"""
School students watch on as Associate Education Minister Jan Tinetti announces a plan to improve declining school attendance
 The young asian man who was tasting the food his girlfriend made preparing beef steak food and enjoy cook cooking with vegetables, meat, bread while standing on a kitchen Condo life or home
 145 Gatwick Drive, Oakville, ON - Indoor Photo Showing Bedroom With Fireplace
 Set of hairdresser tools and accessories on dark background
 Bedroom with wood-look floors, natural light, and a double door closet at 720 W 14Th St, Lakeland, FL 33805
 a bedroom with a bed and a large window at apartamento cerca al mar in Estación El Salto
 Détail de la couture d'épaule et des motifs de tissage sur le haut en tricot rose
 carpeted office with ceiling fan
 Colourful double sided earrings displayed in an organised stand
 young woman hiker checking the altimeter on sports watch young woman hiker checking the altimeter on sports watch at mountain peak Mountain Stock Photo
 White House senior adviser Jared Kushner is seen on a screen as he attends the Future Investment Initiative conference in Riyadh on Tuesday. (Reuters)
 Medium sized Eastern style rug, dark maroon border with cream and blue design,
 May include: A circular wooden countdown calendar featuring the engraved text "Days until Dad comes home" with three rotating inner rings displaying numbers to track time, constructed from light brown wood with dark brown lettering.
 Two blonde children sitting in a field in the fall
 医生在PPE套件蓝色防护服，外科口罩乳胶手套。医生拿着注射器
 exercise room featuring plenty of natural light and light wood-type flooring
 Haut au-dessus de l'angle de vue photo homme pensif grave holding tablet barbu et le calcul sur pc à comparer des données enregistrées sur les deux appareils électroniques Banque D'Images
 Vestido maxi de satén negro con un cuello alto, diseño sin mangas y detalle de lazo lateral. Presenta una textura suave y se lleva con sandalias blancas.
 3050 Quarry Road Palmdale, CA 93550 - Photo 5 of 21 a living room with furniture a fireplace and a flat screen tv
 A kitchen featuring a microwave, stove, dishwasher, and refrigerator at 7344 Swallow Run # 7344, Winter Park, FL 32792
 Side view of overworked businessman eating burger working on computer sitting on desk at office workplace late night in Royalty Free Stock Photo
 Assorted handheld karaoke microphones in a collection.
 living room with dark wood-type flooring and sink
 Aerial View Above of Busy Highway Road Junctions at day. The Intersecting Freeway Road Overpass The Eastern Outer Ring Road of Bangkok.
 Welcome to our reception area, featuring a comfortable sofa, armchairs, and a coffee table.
"""
» GOAL OF THE EXERCISE:
The full listing should be output exactly, line for line.

» REPLY TO THE EXERCISE:
School students watch on as Associate Education Minister Jan Tinetti announces a plan to improve declining school attendance
 The young asian man who was tasting the food his girlfriend made preparing beef steak food and enjoy cook cooking with vegetables, meat, bread while standing on a kitchen Condo life or home
 145 Gatwick Drive, Oakville, ON - Indoor Photo Showing Bedroom With Fireplace
 Set of hairdresser tools and accessories on dark background
 Bedroom with wood-look floors, natural light, and a double door closet at 720 W 14Th St, Lakeland, FL 33805
 a bedroom with a bed and a large window at apartamento cerca al mar in Estación El Salto
 Détail de la couture d'épaule et des motifs de tissage sur le haut en tricot rose
 carpeted office with ceiling fan
 Colourful double sided earrings displayed in an organised stand
 young woman hiker checking the altimeter on sports watch young woman hiker checking the altimeter on sports watch at mountain peak Mountain Stock Photo
 White House senior adviser Jared Kushner is seen on a screen as he attends the Future Investment Initiative conference in Riyadh on Tuesday. (Reuters)
 Medium sized Eastern style rug, dark maroon border with cream and blue design,
 May include: A circular wooden countdown calendar featuring the engraved text "Days until Dad comes home" with three rotating inner rings displaying numbers to track time, constructed from light brown wood with dark brown lettering.
 Two blonde children sitting in a field in the fall
 医生在PPE套件蓝色防护服，外科口罩乳胶手套。医生拿着注射器
 exercise room featuring plenty of natural light and light wood-type flooring
 Haut au-dessus de l'angle de vue photo homme pensif grave holding tablet barbu et le calcul sur pc à comparer des données enregistrées sur les deux appareils électroniques Banque D'Images
 Vestido maxi de satén negro con un cuello alto, diseño sin mangas y detalle de lazo lateral. Presenta una textura suave y se lleva con sandalias blancas.
 3050 Quarry Road Palmdale, CA 93550 - Photo 5 of 21 a living room with furniture a fireplace and a flat screen tv
 A kitchen featuring a microwave, stove, dishwasher, and refrigerator at 7344 Swallow Run # 7344, Winter Park, FL 32792
 Side view of overworked businessman eating burger working on computer sitting on desk at office workplace late night in Royalty Free Stock Photo
 Assorted handheld karaoke microphones in a collection.
 living room with dark wood-type flooring and sink
 Aerial View Above of Busy Highway Road Junctions at day. The Intersecting Freeway Road Overpass The Eastern Outer Ring Road of Bangkok.
 Welcome to our reception area, featuring a comfortable sofa, armchairs, and a coffee table.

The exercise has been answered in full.